My friends, personal clients, and Wildhearts have all had similar experiences. And I’ve discovered something interesting by watching them and observing my own life.

I’ve been a coach for over 5 years now. I’d guess that that has me coaching probably over about 2000 hours.

And in that time I’ve learned that, really, there is only ONE thing that people care about.

How to get from point A to point B.

Think about it…we ALL want something. We all want Point B. That bigger vision of what we see for ourselves. The shiny dream life we all imagine.

Whether it be a better body, better finances, a relationship, a baby, a new car, enough money to go on that retreat you’ve been eyeing, more freedom. And on and on.

And yet, where the pain and suffering comes in, is that we’re at Point A…and wanting to be somewhere else.

As a coach, I often get asked “HOW?” How do I get what I’m really wanting? What steps do I need to take? How do I get there?

And what I’ve seen is that everyone wants the shortcut. They want the answer that is going to save them and fix whatever Point A problem they’re facing.

And what I’ve actually found is that it is 100% possible to get to Point B, but not the way most people are doing it.

In fact it’s way more simple than you might imagine.

The way you get from Point A to Point B is practice taking action. Every day. (Tweet this!)

That’s it.

We tend to think change needs to be some grandiose thing that happens, that all of a sudden, everything is different now.

But the truth is, change happens when you consistently practice doing and being the thing you want.

About a year ago, I couldn’t get through a five-minute meditation. Now…I meditate at least 30 minutes a day, on top of whatever Kundalini thing I’m doing. And crave more. How did I get there? From doing TONS of five-minute meditations. Over and over again. Every day. Even when I didn’t feel like it.

 

About a year ago I almost had a heart attack every time I turned a corner on my motorcycle. Now…I roll through the intersection with ease and confidence. How did I get there? I rode the hell out of my motorcycle. Over and over. Even when I felt scared.

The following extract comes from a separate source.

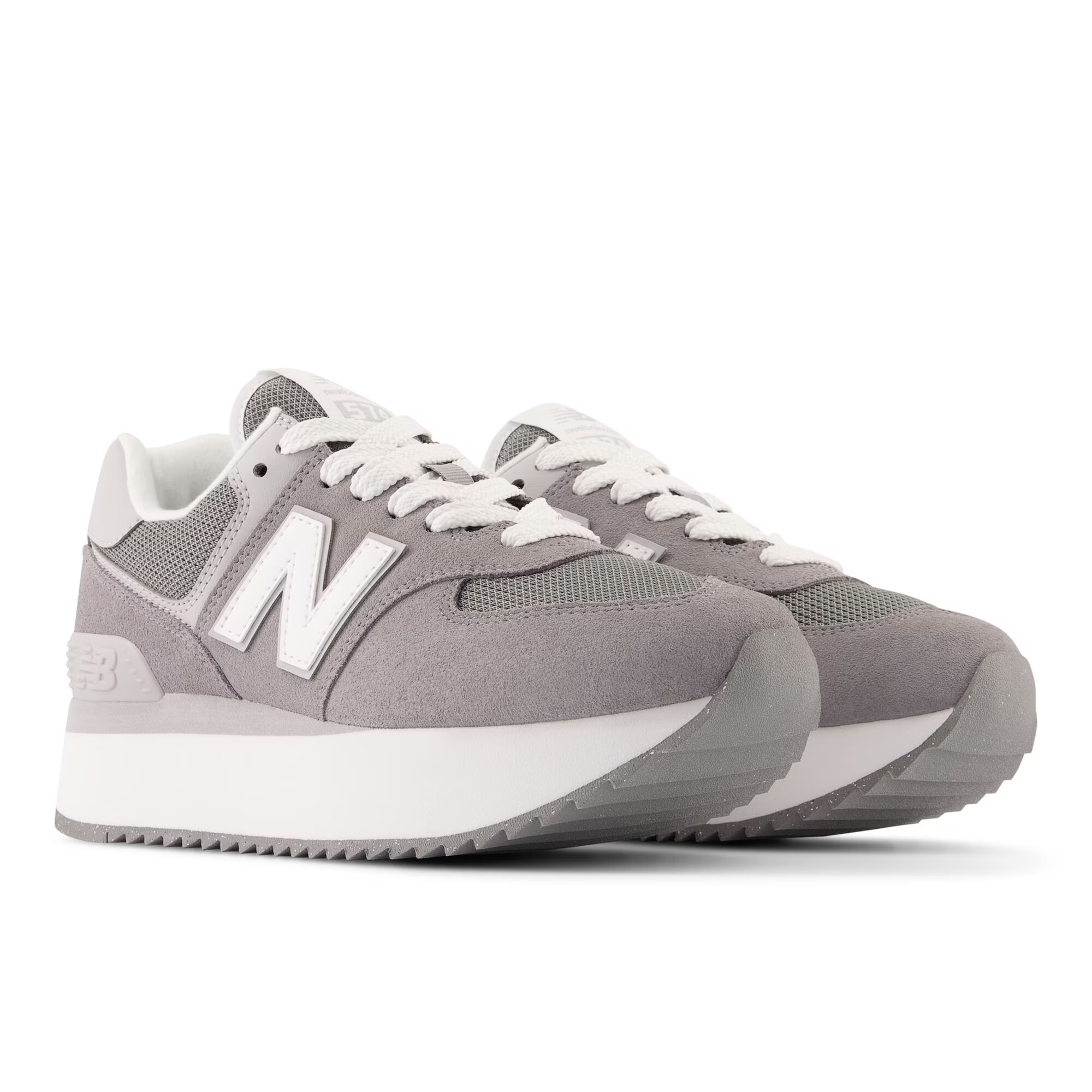 new balance Nizke superge '574+' siva / bela - Pepit.si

Think about the actor Chris Pratt. Mega superstar from the movie Guardians of the Galaxy (and mega hottie). Think he just came up on the scene?? NOPE. He was at it for 15 years before he got his major star status. He showed up for his roles, again and again. (I’m guessing, even when he didn’t feel like it.)

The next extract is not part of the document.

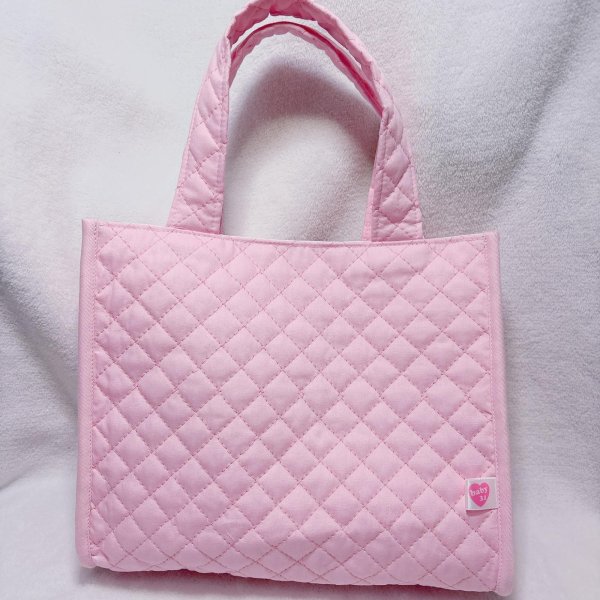 画像2: PVC窓付きキルトバック　ブルーリボン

Life is full of stories like this. There’s no such thing as “overnight” success. And yet people want it. They want those six figures businesses, like yesterday, and the book deal after only being in business five minutes.

And the truth is…you CAN reach superstar status, but the way to do it is from practicing. It’s from continuously working on your stuff over and over and over again until it’s at star level.

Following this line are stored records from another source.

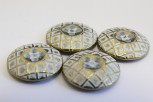 1001/01/355 - Metallknopf, 4-Loch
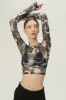 Luci Marble Mesh Top w/Thumbhole sold by storets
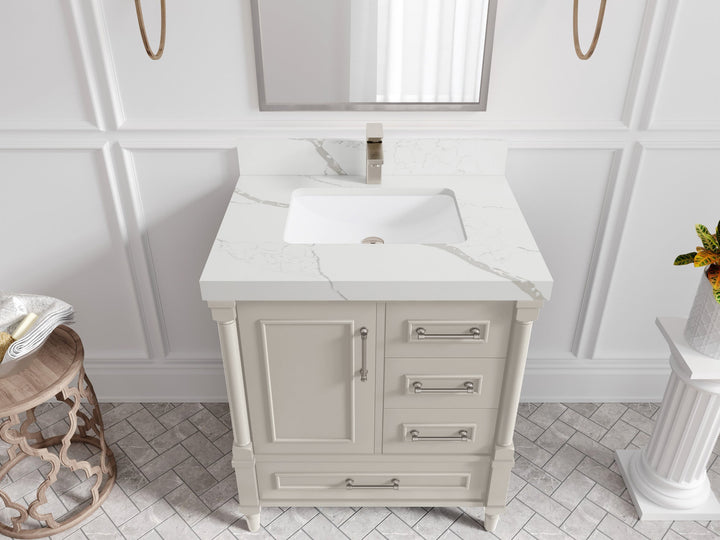 Aberdeen 30 in. W x 22 in. D Single Sink Bathroom Vanity - photo 15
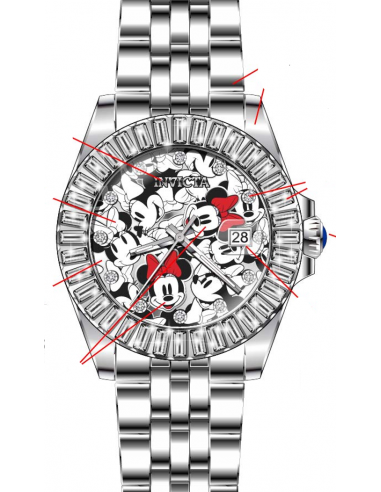 Band for Invicta Disney Limited Edition Minnie Mouse Lady 41352 pas cheres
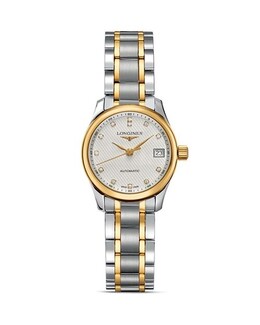 Часы Master Collection, 26 мм Longines, цвет Silver/Gold 1407329 | silver/gold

Your revolutionary life isn’t going to happen overnight. You’re not going to wake up one day and be famous. Or find that one idea that your whole career is going to hinge on.

Your revolutionary life is going to happen because you’ve done the work. You’ve shown up for it every single day, even when you didn’t feel like it. (Tweet this!)

And the good news is that you can start TODAY.

Now, while you’re on that wild ride from Point A to Point B, it’s going to feel daunting. And scary. Like you can’t possibly get on that yoga mat today and start meditating. And that’s ok. It’s all normal.

That’s why you’re going to need support. Because we all know that it’s much, much easier to stay under the covers when we’re scared. You need people who will draw you out and remind you why you started on this road to begin with.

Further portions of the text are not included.